などと意味のないことを考えつつ、帰ってきた刹那にハレルヤは声をかけた。
「…そういやお前、まだ停学にならねーんだな」
「代わりにグラハムが自宅…というか寮で謹慎になったが。ガンダムガンダム煩い、だそうだ。もっと教師としての自覚を持てと」
「刹那…それ聞いたとき、少しキレなかった?」
「あぁ。ガンダムガンダムと言ってどうして煩いと言うことになるかが理解できない」
「そりゃテメェだからだろうよ」
ガンダム大好きな二人にとっては普通だろうと、自分たちにとっては些か騒々しく思える二人の言い合い、あるいは討論について思いを巡らせつつ、本気で悩み込んでいる様子の刹那の頭を小突く。
「それでもテメェは耐えたワケか」
「停学にされては元も子もない」
「…その通りか。
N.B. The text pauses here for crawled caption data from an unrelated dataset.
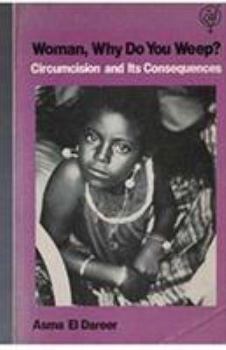 Paperback Woman, Why Do You Weep?: Circumcision and Its Consequences Book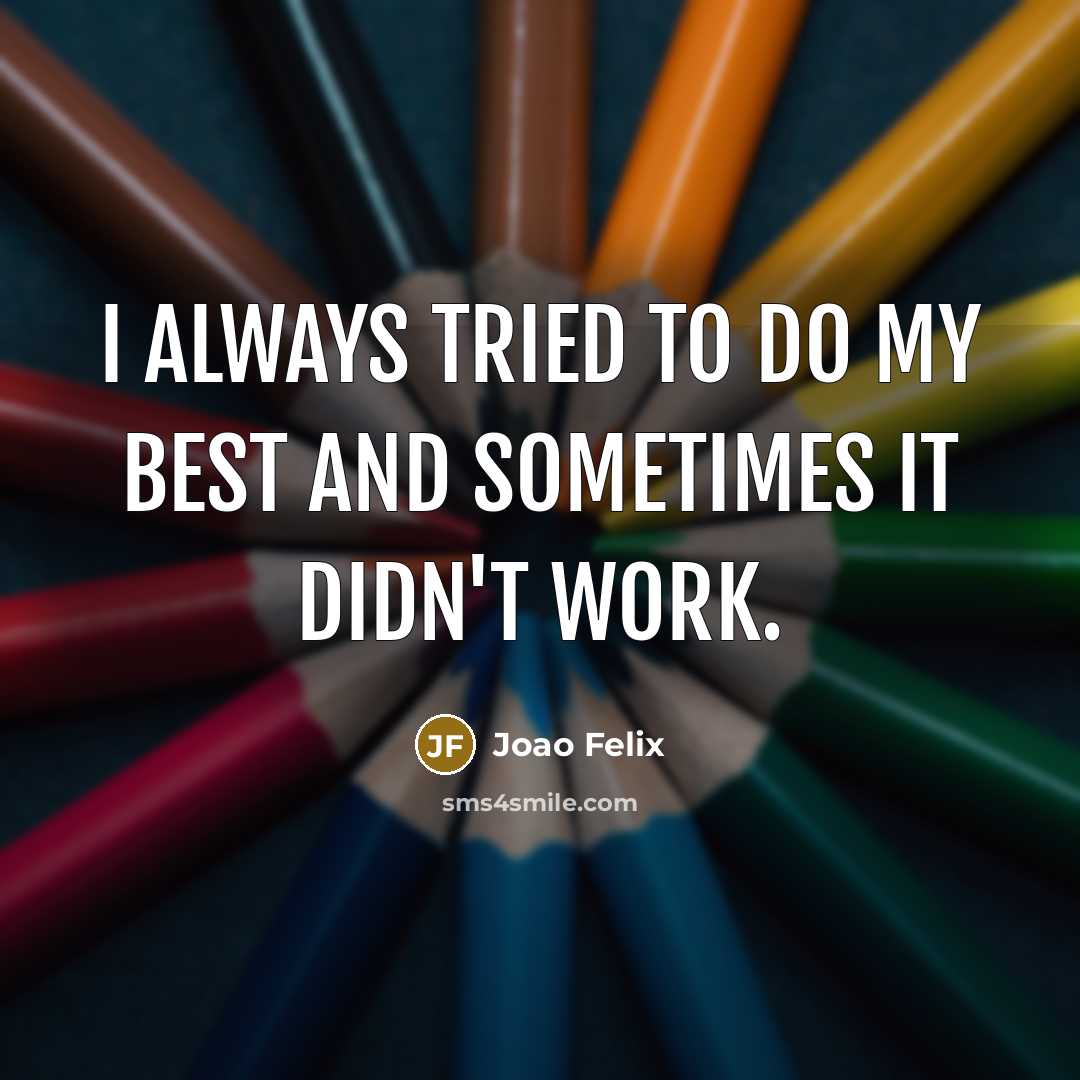 “I always tried to do my best and sometimes it…” quote by Joao Felix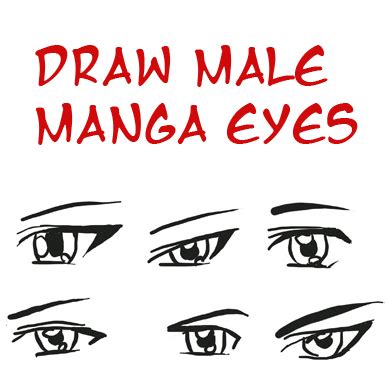Today's lesson is going to be a step by step how to draw anime eyes for beginners. Draw Anime Eyes (Male): How to Draw Manga Boys & Men Eyes ...
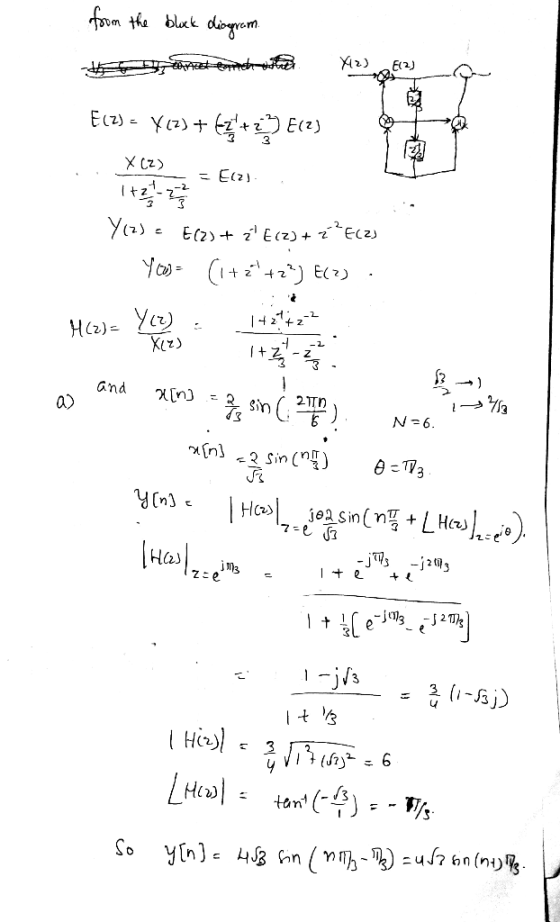 from the block diagram. & and each other X12) E(2) Ecz) = Y(z) +67+2) E(2) 8 X(2)__ = [17).. Y(z) = E(2) + E(2) + 2EC2) You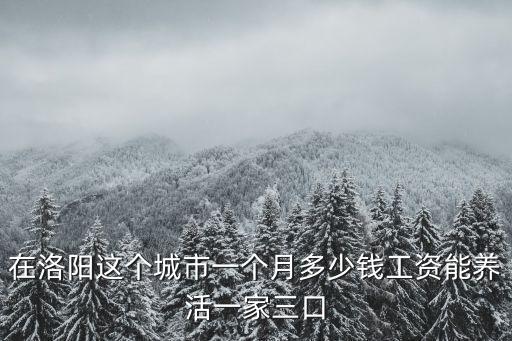 在洛陽這個城市一個月多少錢工資能養活一家三口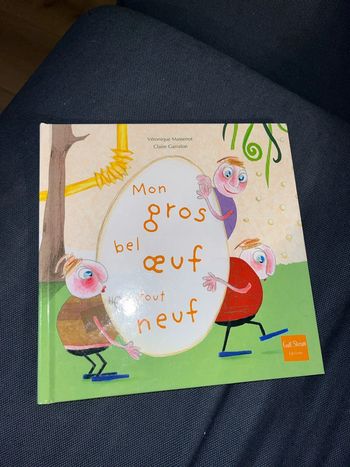 Livre pour enfants mon gros bel œuf tout neuf par Véronique massenot et Claire Garralon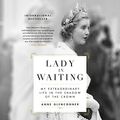 Cover Art for 9781549131615, Lady in Waiting: My Extraordinary Life in the Shadow of the Crown - Library Edition by Anne Glenconner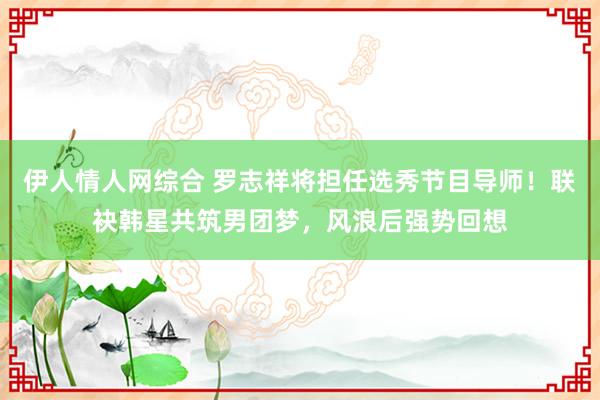 伊人情人网综合 罗志祥将担任选秀节目导师！联袂韩星共筑男团梦，风浪后强势回想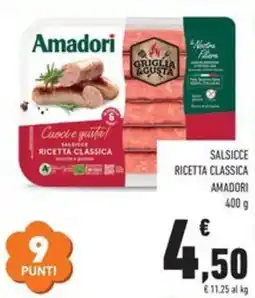 Conad Salsicce ricetta classica AMADORI offerta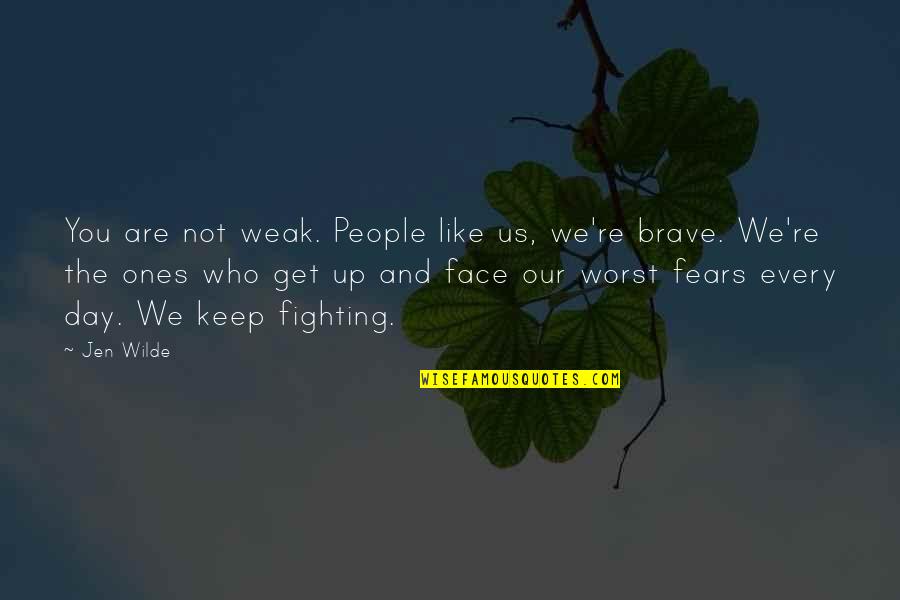 Ugarte Casablanca Quotes By Jen Wilde: You are not weak. People like us, we're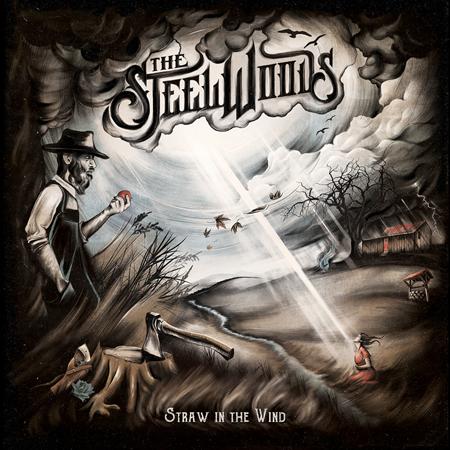 The Steel Woods - Straw in the Wind - Zortam Music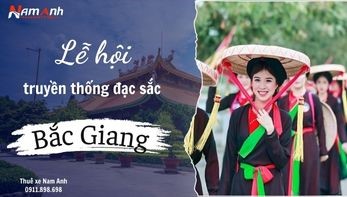 Lễ hội truyền thống đặc sắc ở Bắc Giang: Hành trình khám phá văn hóa 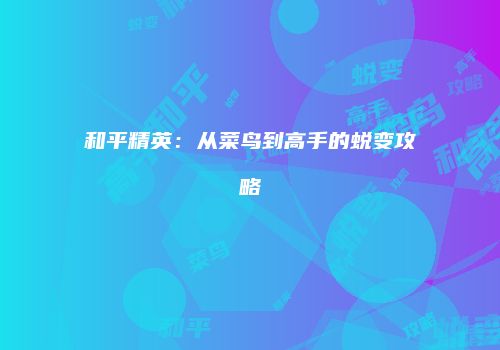 和平精英：从菜鸟到高手的蜕变攻略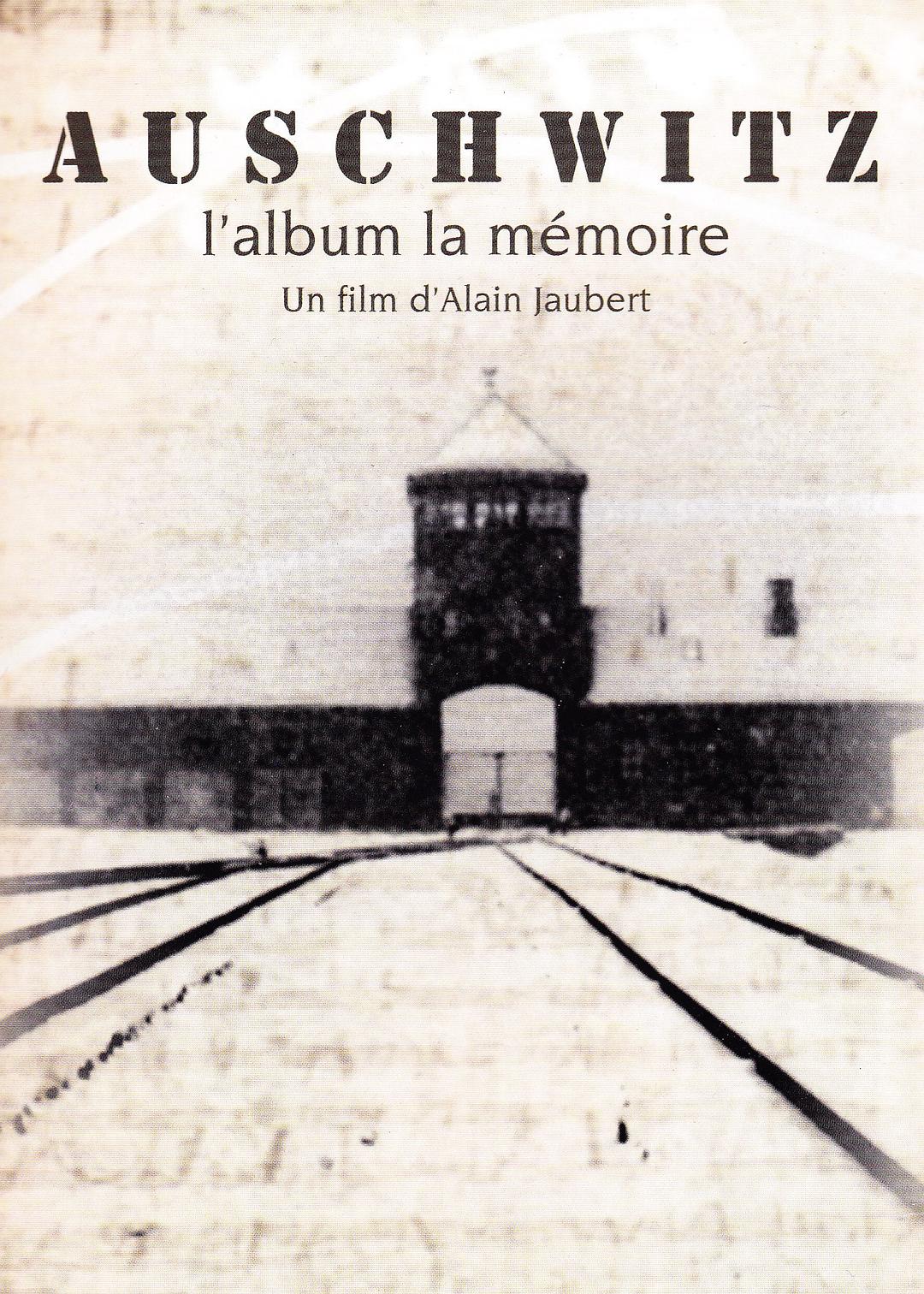 Auschwitz, l’album, la mémoire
俺も停学にされてしまったせいで行動に制限が付いた。あまり大きく動けないのは難点だな。…出来ることならヤツら、今すぐこの瞬間にでも追い出してしまいたいんだが」
爪でも噛みだしそうな様子でティエリアが呻き、それを見た刹那が何度も頷く。
本当に、言うとおりだ。ハレルヤも今では、何が何でも学園に残るべきだったのではないかと悔いているのである。ここにいては行動の制限が付くだけではない、情報が後々に回って何の手だても考えることが出来ない。考えついても、行動にうつせないのだ。
これほどまでに面倒な事態、避けようと思って避けるべきだった。
「今日もまた停学者とか出るのかな…」
「出るんじゃねーの?ソーマの奴もアウトだったんだろ?」
「…うん」
こくりと頷くアレルヤを見て、ティエリアが険しい表情を浮かべた。事の一部始終は既にソーマ本人から聞いてるから、その時の事が色々と浮かんでいるのだろう。
そんな彼の隣でポツリと、刹那が呟いた。
「…横暴だな」
「はっ。横暴ってか独裁じゃねぇか?」
「彼らからしたら、ヴェーダだって独裁、だったんだろうけど…」
「だが、ヴェーダの場合は民主主義的な横暴だ」
学園所有者の横暴は、確かに存在していたと言うことは認める。だが、それは決して彼女からの押しつけではない。拒否をしようと思ったら、彼女はきっと直ぐに引く。
それも分からない彼らに、学園を同行できるわけもないだろうに。
呆れ。それを全面に押し出すような表情を浮かべている間に、がた、と音を立ててアレルヤと刹那が立ち上がった。
「じゃあ、そろそろ僕らは行くから」
「帰ったら状況を連絡する」
「…頼む」
「気をつけてけよ」
遠ざかる背を見送り、ハレルヤは口惜しさを覚えた。
でも、この場合、もしかしたらグラハムがいなくなって少しホッとした人もいるかも知れない…という可能性も否めません。でも、そういう人も少しもの悲しさを覚えていたり。
多分、カタギリは少し休憩時間が貰えた、くらいにしか思ってないと思います。どうせどうにかなるだろう、と。